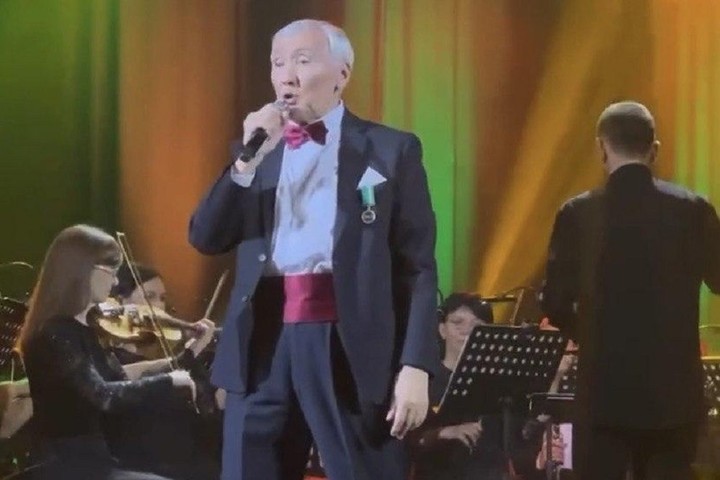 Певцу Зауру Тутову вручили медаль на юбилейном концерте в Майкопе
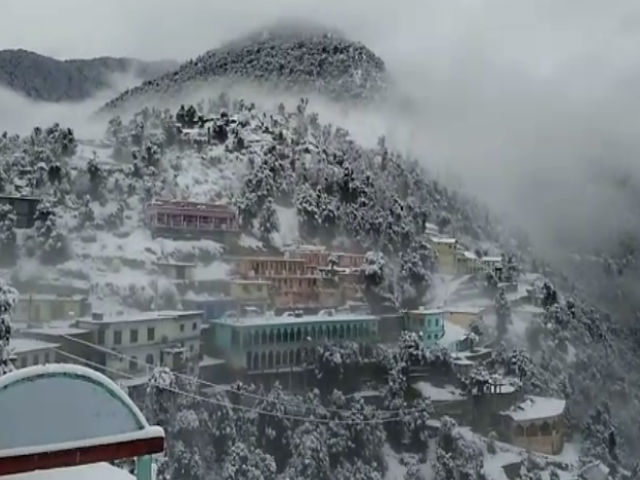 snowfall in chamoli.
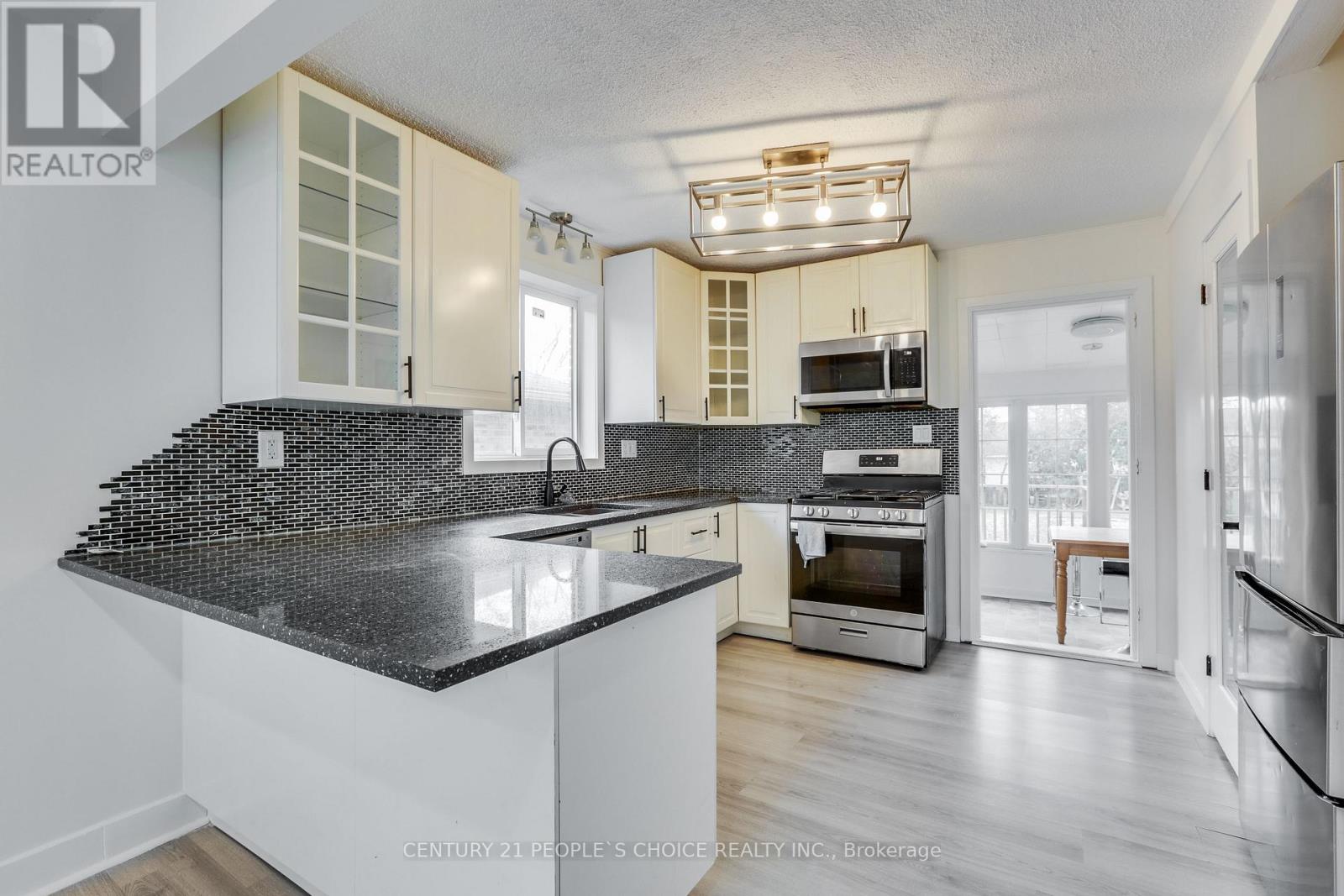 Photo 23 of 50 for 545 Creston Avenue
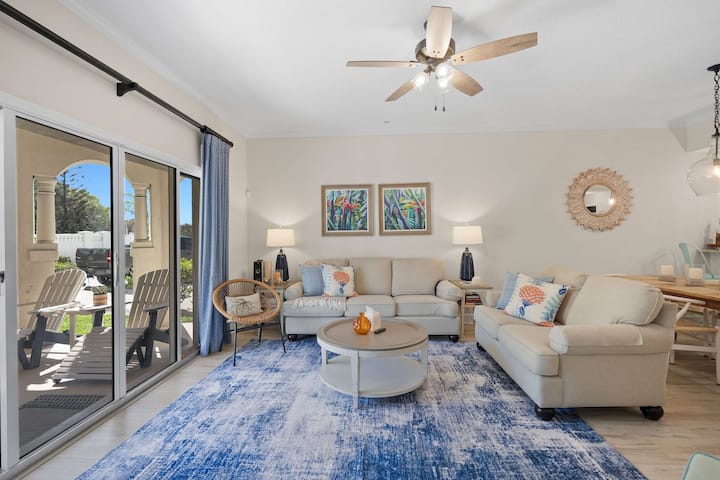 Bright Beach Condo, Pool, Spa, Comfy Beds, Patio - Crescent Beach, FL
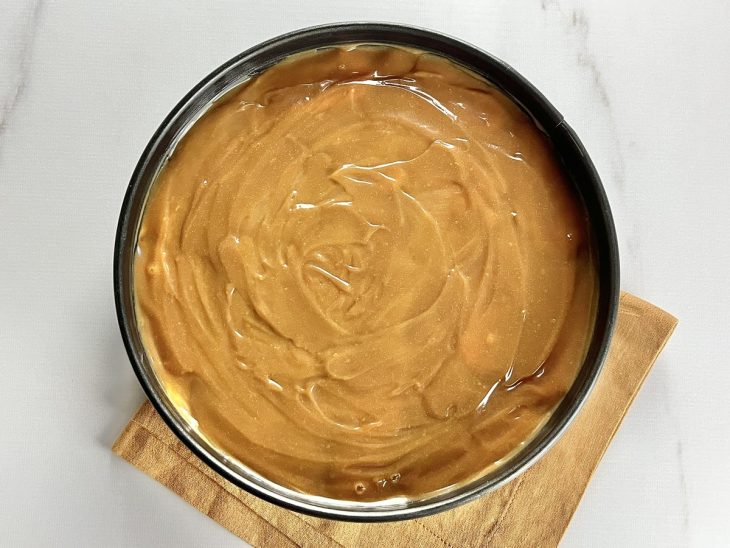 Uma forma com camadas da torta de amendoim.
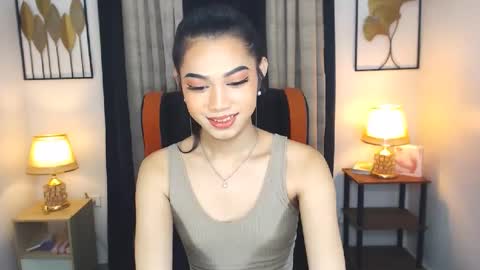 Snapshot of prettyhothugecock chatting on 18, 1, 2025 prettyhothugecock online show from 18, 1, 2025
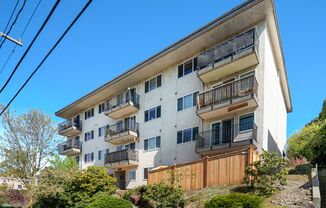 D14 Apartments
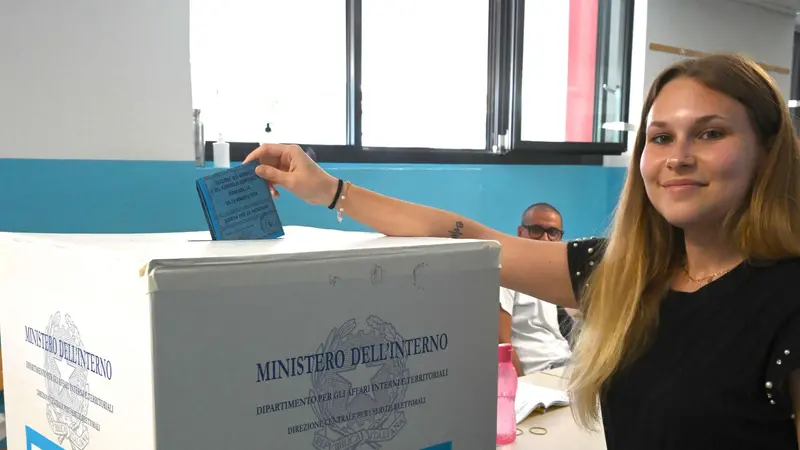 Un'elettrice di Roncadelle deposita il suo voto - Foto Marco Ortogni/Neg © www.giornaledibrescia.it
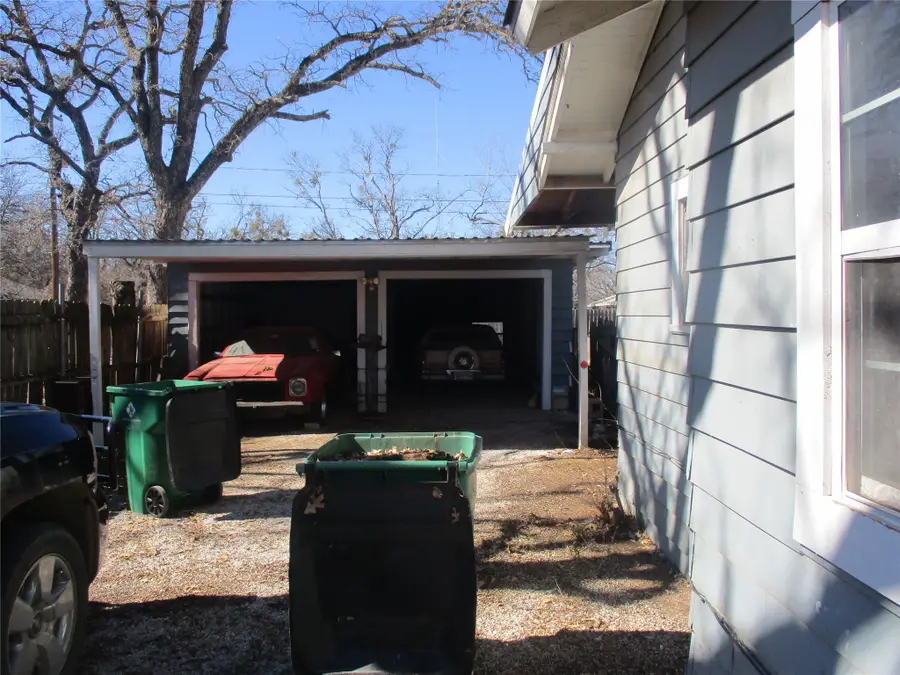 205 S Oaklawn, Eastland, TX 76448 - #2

---

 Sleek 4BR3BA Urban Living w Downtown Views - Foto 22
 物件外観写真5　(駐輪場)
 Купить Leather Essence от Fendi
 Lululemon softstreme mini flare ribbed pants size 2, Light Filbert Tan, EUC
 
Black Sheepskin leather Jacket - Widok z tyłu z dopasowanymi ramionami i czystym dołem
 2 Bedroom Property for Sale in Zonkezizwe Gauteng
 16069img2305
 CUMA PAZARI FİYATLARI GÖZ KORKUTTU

* * *

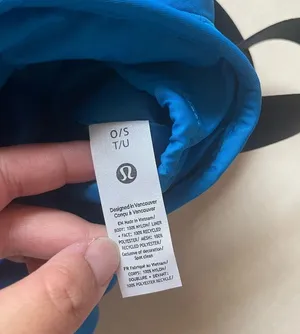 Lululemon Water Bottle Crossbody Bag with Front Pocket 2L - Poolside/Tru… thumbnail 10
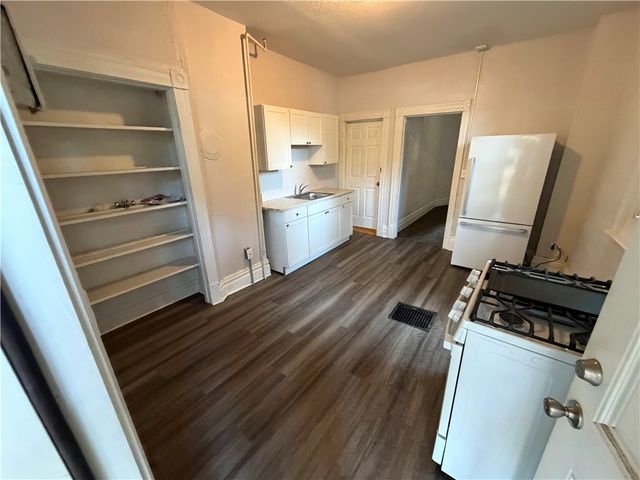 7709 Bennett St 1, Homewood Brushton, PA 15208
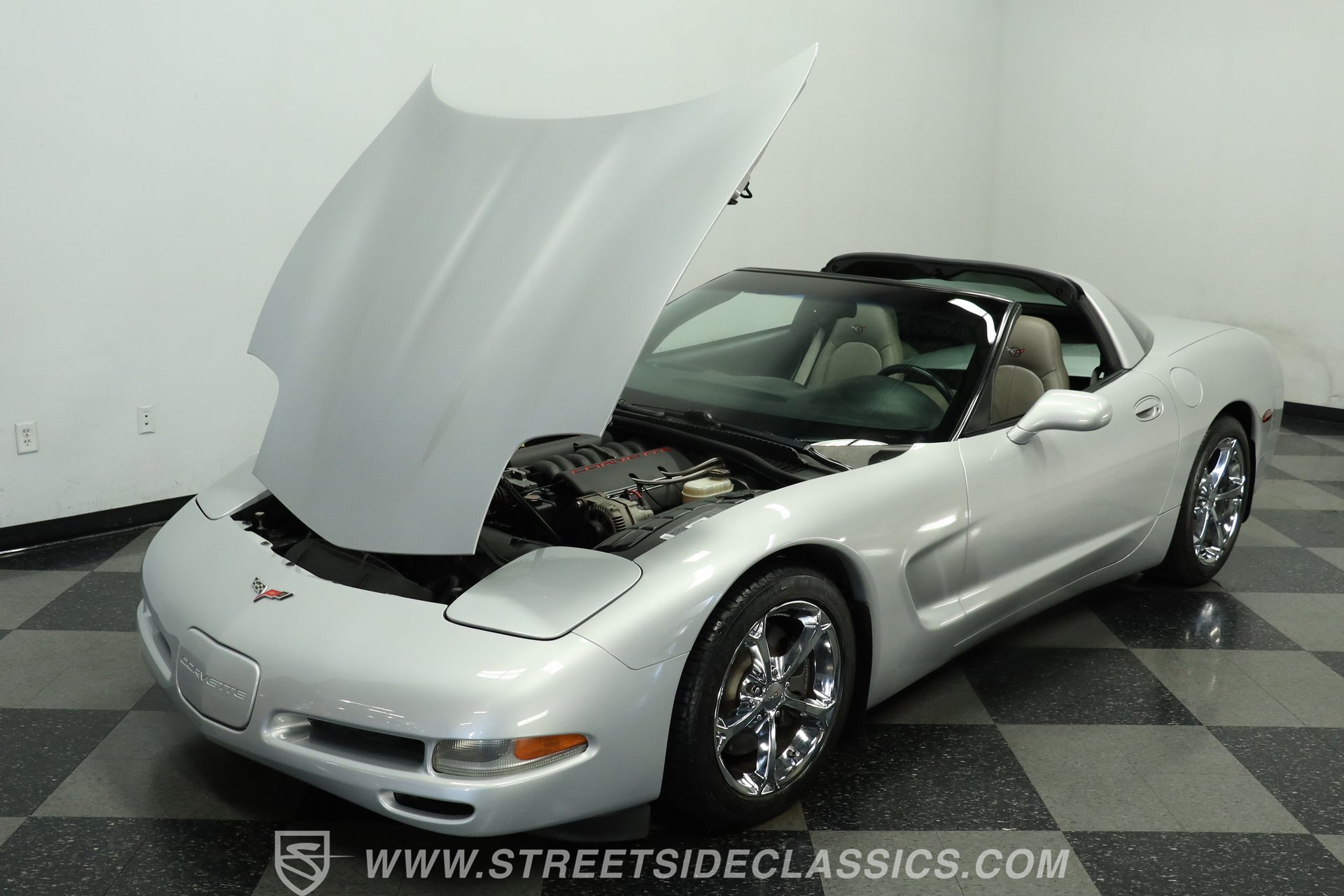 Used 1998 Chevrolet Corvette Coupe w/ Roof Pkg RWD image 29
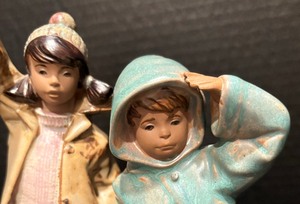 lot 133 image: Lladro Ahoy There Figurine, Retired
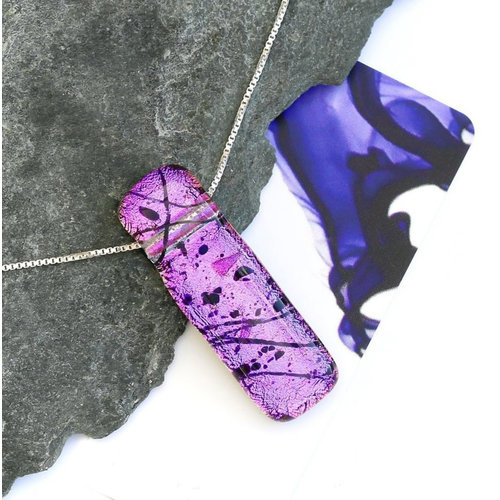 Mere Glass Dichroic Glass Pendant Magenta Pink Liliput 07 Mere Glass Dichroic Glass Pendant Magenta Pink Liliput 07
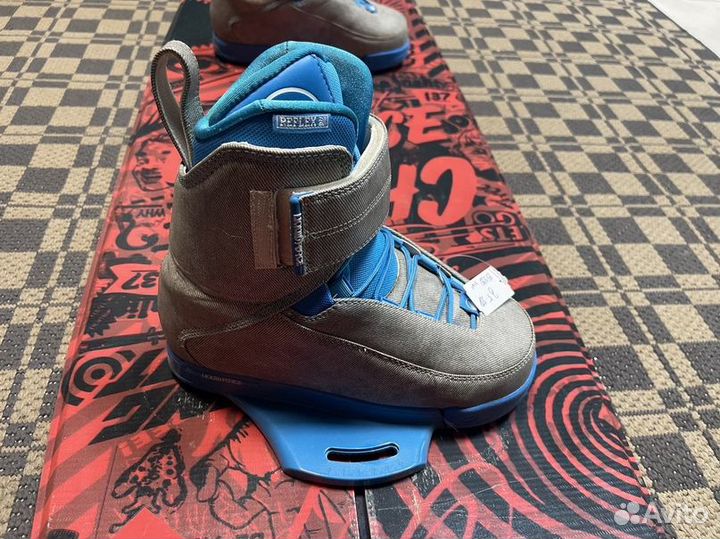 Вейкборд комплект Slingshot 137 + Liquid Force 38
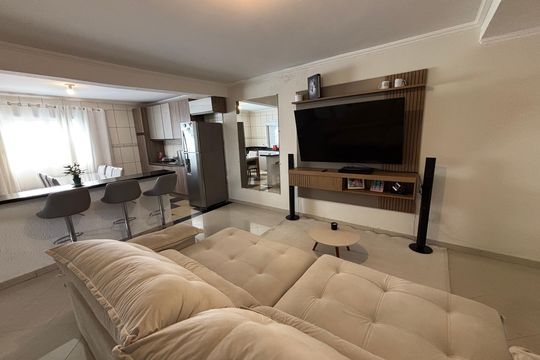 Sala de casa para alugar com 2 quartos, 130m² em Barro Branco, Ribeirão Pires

__Problem to work on__
Look back over the records above. Reproduce exactly everything from the line with "Snapshot of prettyhothugecock" down to the line with "205 S Oaklawn, Eastland, TX 76448 - #2", inclusive, and leave the pictures out.

__Your response__
 Snapshot of prettyhothugecock chatting on 18, 1, 2025 prettyhothugecock online show from 18, 1, 2025
 D14 Apartments
 Un'elettrice di Roncadelle deposita il suo voto - Foto Marco Ortogni/Neg © www.giornaledibrescia.it
 205 S Oaklawn, Eastland, TX 76448 - #2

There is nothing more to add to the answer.